Nous avons notre point de vue sur la politique. Nous ne cachons pas que nous sommes plutôt des militants de gauche. Mais là, il s’agissait de faire une analyse. On était là pour rapporter une parole qui en elle-même dit quelque chose. Certains élus de l’opposition ont mal réagi, d’anciens élus communistes. Chaque fois on nous demande “c’est pour ou contre?”. Mais ce n’est pas notre propos, et cela en fait un livre inconfortable pour l’opposition. Inconfortable pour les uns et pour les autres car il n’est pas là pour conforter des positions. C’est un livre qui permet de poser un certain nombre de questions. Et c’est d’ailleurs pour cette raison que nous l’avons envoyé à tous les candidats à la présidentielle. Car c’est un livre qui montre de manière concrète une certaine réalité. C’est un livre pour combattre le Front national, et nous ne nous en cachons pas, mais à notre manière à nous. (…)

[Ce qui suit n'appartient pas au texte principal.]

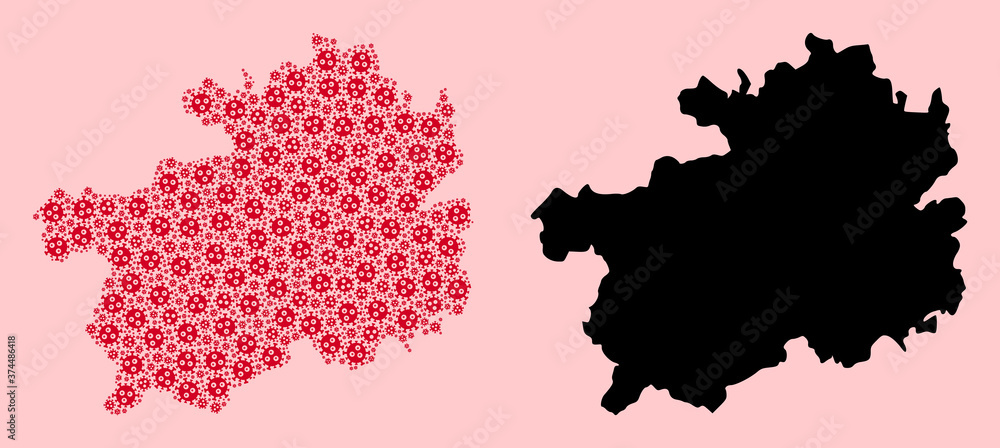 Obraz premium Vector Collage Map of Guizhou Province of Covid Items and Solid Map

“L’illusion nationale”, page 13
Pendant ces deux ans, qu’est-ce qui vous a frappé le plus ?
Ce qui nous a frappés le plus, ce qui est vraiment bluffant, c’est la capacité de ces maires inexpérimentés, élus pour certains de manière très serrée, à la limite de la légitimité, à garder une base solide de fidèles. Si il y avait des élections demain, ils seraient sans doute réélus. Il y a eu une politique coordonnée au niveau national : baisse des impôts (au prix d’une baisse des investissements pour la ville bien sûr), et des mesures “cosmétiques”, un gros travail sur les marqueurs du FN : la sécurité, par exemple, et aussi un gros travail de communication autour de fêtes symboliques, qui déplacent la presse parisienne, comme la fête du cochon à Hayange. Une certaine politique du scandale, aussi, bien entretenue. Pour ce qui est de l’élection présidentielle, il me semble que le Front National a une base électorale très solide qui devrait leur assurer d’être au second tour. En revanche, au second tour, la capacité est limitée il me semble. On le voit bien sur le terrain, même dans des villes où le Front National est très ancré, il y a un réflexe républicain. On l’a vu à Hénin-Beaumont aux régionales, un électorat capable de se déplacer au second tour pour faire barrage.